It is very difficult for our minds to take in the
singleness of God’s plan, and much
more congenial for us to think in terms of his plans, plural. It is much easier and more attractive to
think that God has many plans. Plans for the inanimate creation and plans for
the far points of the universe which are unaffected and un-affectable by human
activity. A plan for your life and for mine, a plan for the present-day
millions in Somalia and for those Europeans in the now long-gone medieval era,
and so on. So - on this way of thinking - just as you and I may
in the course of a week or of a year have many plans, which we are continually
making, so God has a very great number of plans.
But this approach does not do justice to the
one will of God. While Scripture refers
to many plans of God in respect of the individuals who benefit from them, distinguishably
different plans are part of the one plan, integrated with it, with God in Christ its unifying centre and end – the one in whom we live, and
the one in whom all things are gathered or summed up.

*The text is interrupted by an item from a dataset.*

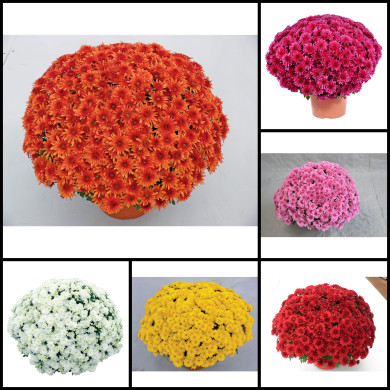 Chrysanthèmes grosses fleurs variées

God works all things
after the counsel of his own will.
The doctrine of the covenant of redemption
seems to imply a distinct plan for each member of the Trinity. So what are we to think of it?
The covenant of redemption and the one plan
of God
In the covenant of redemption there is envisaged to be an eternal pactum salutis between Father, Son [and
Spirit], in which in utter harmony the Father chooses the Son to be the
redeemer, and the Spirit to be the applier of the fruit of the Son’s redeeming
work. The Son and Spirit willingly concur, or perhaps more than this, the Son agrees to play the role of the Redeemer of God's elect.
Whatever we think of plans or a plan this construction, between Father and Son
and Spirit, or more usually between Father and Son, must be a highly anthropomorphic business. It requires eternal minds are first unmade up, and then those minds are settled in agreement.
For arriving at such an agreement is central to the
idea of a covenant of redemption. But if this is treated literally, not as anthropomorphism, but as dogma or
doctrine, then before we know where we are we are committing ourselves to tri-theism.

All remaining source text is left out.